One problem with writing fast

A lively discussion has erupted at The Passive Voice, in response to a rant by one of the usual suspects telling self-published writers to slow down and not write so much. Fast writing is not necessarily bad, and slow writing, Heaven knows, can be utter crud. Great novels have been written in a span of weeks or even days. But nobody ever wrote great novels at that pace, one after another, and kept it up for a span of years.

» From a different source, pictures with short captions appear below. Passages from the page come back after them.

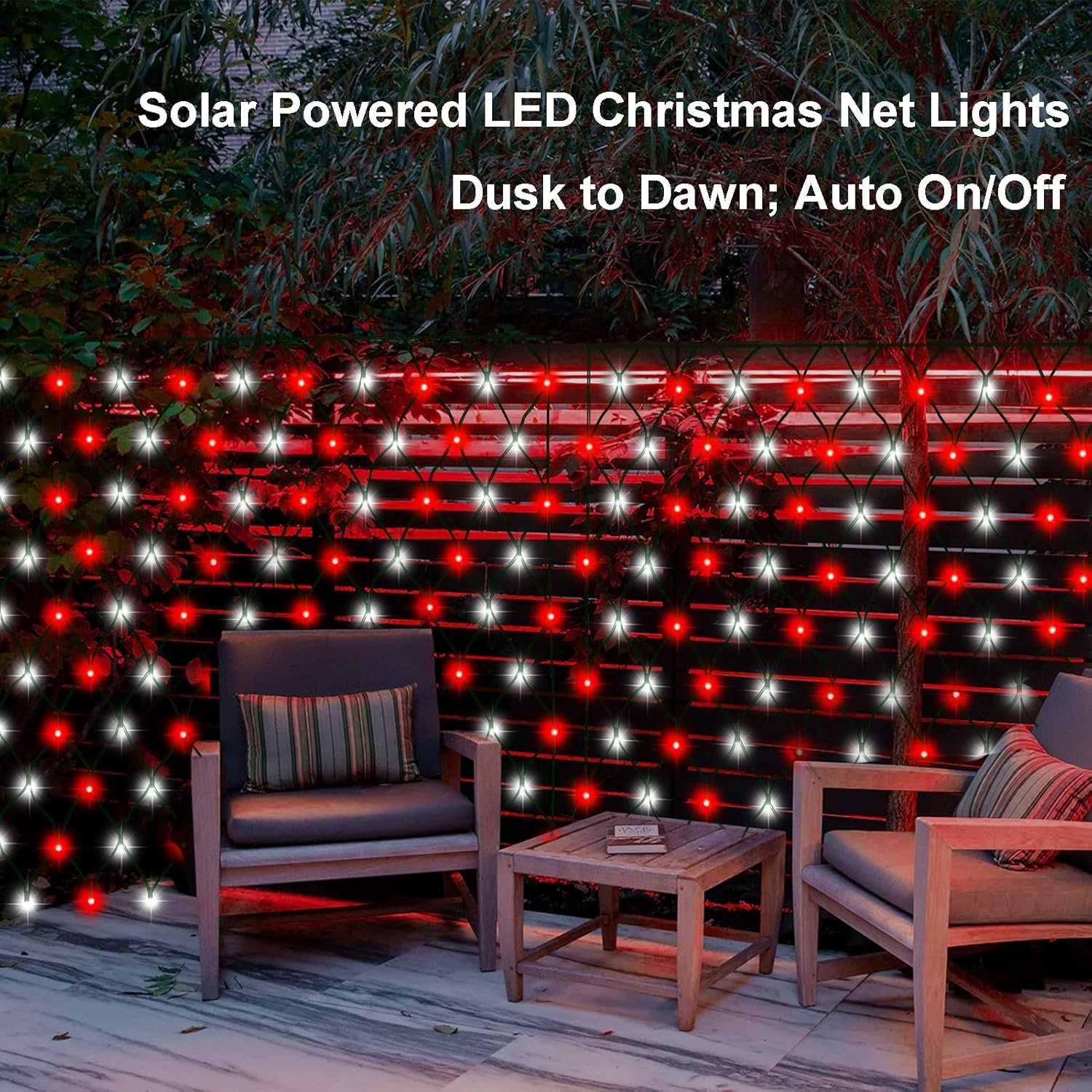 Red White Solar Powered LED Net Lights 5Ft x 5Ft,100 LEDs Christmas Bush Net Lights Solar Christmas Candy Cane Red White Net Lights,8 Modes Christmas Net Lights Solar for Christmas Outdoor Decoration - Image 7
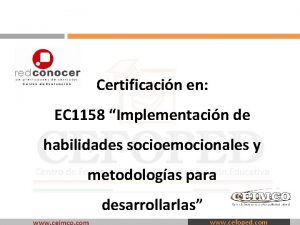 Certificacin en EC 1158 Implementacin de habilidades socioemocionales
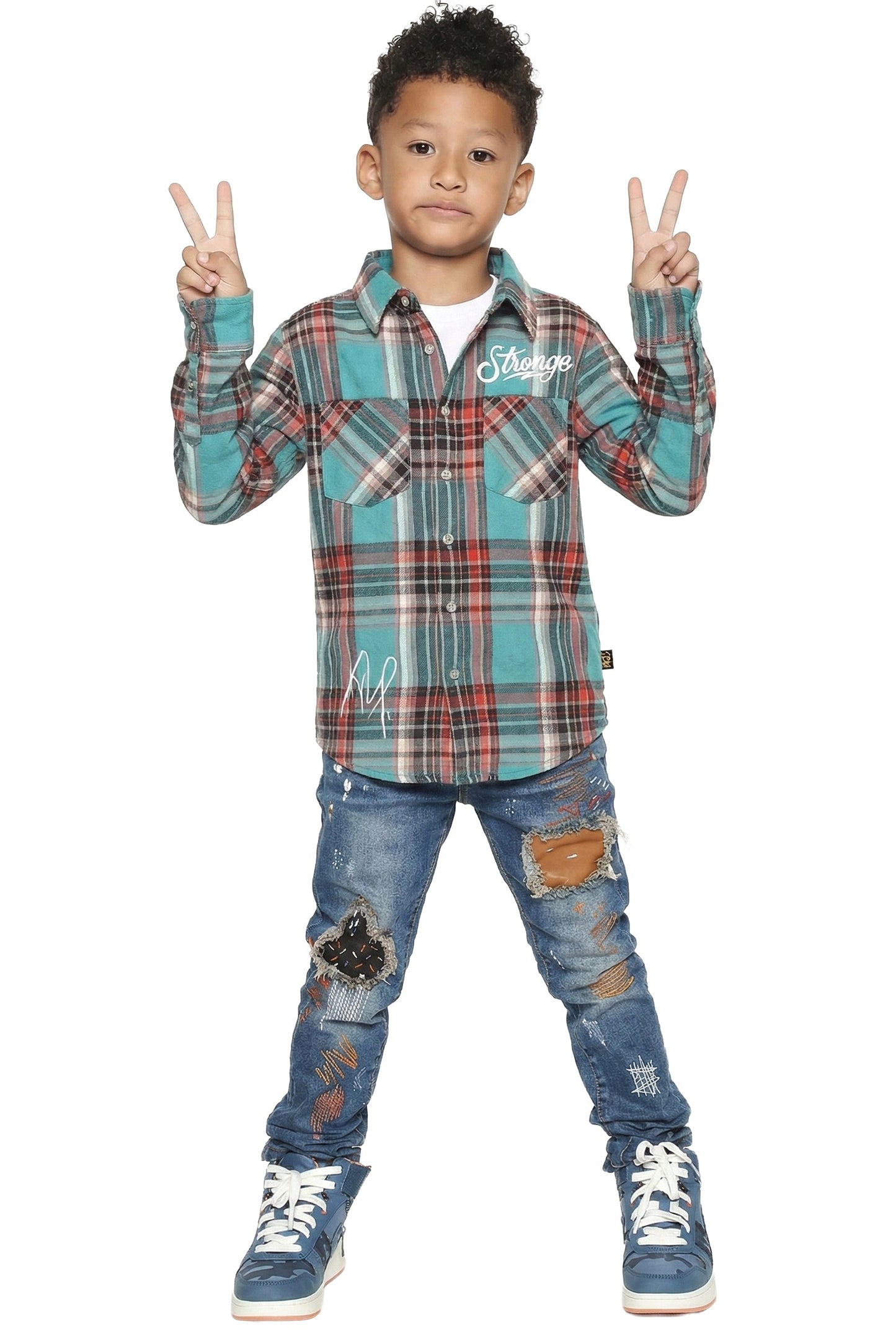MARZI Kid's Premium Flannel Button Down Shirt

People point to Isaac Asimov as an exception. He was a man who wrote 500 books, so Wikipedia tells us, and Wikipedia wouldn’t steer us wrong, would it?

Well, maybe.

If you look up the word prolific in any really good dictionary, you will find a picture of Isaac Asimov sitting at his typewriter. ‘Prolific’ was the adjective most often applied to him as a writer, and the one he was most proud of. But even he had his limits. His average output from 1958, when he became a full-time writer, to about 1989, when illness took away his ability to work regularly, was (by his own reckoning) in the neighbourhood of 500,000 words a year. That’s 15 million words in all, or about enough to fill about 200 paperback books of the size that used to be usual in his younger days – say, 200 to 250 pages. (The average size of paperbacks began to balloon in the 1970s, but that’s another story.) Some of his nonfiction books were quite short, and a number of his stories and essays were published in more than one book; that brings us up well over 300, but it still leaves us far short of the number given by Wikipedia.

So how did he get to 500 books? Simple: he cheated.

Over 100 of the books Asimov listed as his were anthologies (mostly of science fiction, a few in other genres). Those anthologies were compiled and edited by Martin H. Greenberg, sometimes working with Charles Waugh. All Asimov did was write an introduction to the book and a short note on each of the stories, amounting (perhaps) to 10,000 words in all. This work certainly entitled him to have his name on the cover as co-editor, but to say that he wrote those books would be a barefaced lie.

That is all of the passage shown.